___ Data shown
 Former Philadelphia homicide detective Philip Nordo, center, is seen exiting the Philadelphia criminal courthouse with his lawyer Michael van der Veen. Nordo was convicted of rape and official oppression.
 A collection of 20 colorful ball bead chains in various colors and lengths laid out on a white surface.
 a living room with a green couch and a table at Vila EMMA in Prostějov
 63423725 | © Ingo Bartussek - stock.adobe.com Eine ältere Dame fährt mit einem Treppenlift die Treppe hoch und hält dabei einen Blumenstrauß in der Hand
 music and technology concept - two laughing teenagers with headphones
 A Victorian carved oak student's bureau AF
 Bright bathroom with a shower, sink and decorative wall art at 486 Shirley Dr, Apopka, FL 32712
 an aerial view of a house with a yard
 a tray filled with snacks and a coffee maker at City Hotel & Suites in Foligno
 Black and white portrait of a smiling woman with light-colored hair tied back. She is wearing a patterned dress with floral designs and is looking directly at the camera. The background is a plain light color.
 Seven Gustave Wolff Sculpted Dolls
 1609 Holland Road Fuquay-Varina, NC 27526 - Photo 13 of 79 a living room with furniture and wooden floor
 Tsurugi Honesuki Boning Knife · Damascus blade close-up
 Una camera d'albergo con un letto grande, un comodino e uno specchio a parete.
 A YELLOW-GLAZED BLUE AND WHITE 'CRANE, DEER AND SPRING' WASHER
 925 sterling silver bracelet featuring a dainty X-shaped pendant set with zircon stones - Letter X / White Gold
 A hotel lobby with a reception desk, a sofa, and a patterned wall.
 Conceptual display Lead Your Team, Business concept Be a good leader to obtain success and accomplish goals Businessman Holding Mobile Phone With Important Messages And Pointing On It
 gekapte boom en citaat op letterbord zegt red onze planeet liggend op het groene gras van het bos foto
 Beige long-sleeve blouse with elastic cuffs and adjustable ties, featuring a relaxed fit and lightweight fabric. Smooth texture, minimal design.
______
Your instructions: Among the lines of the listing above, which ones contain the word "wall"? Show them.

Output for this task:
 Bright bathroom with a shower, sink and decorative wall art at 486 Shirley Dr, Apopka, FL 32712
 A hotel lobby with a reception desk, a sofa, and a patterned wall.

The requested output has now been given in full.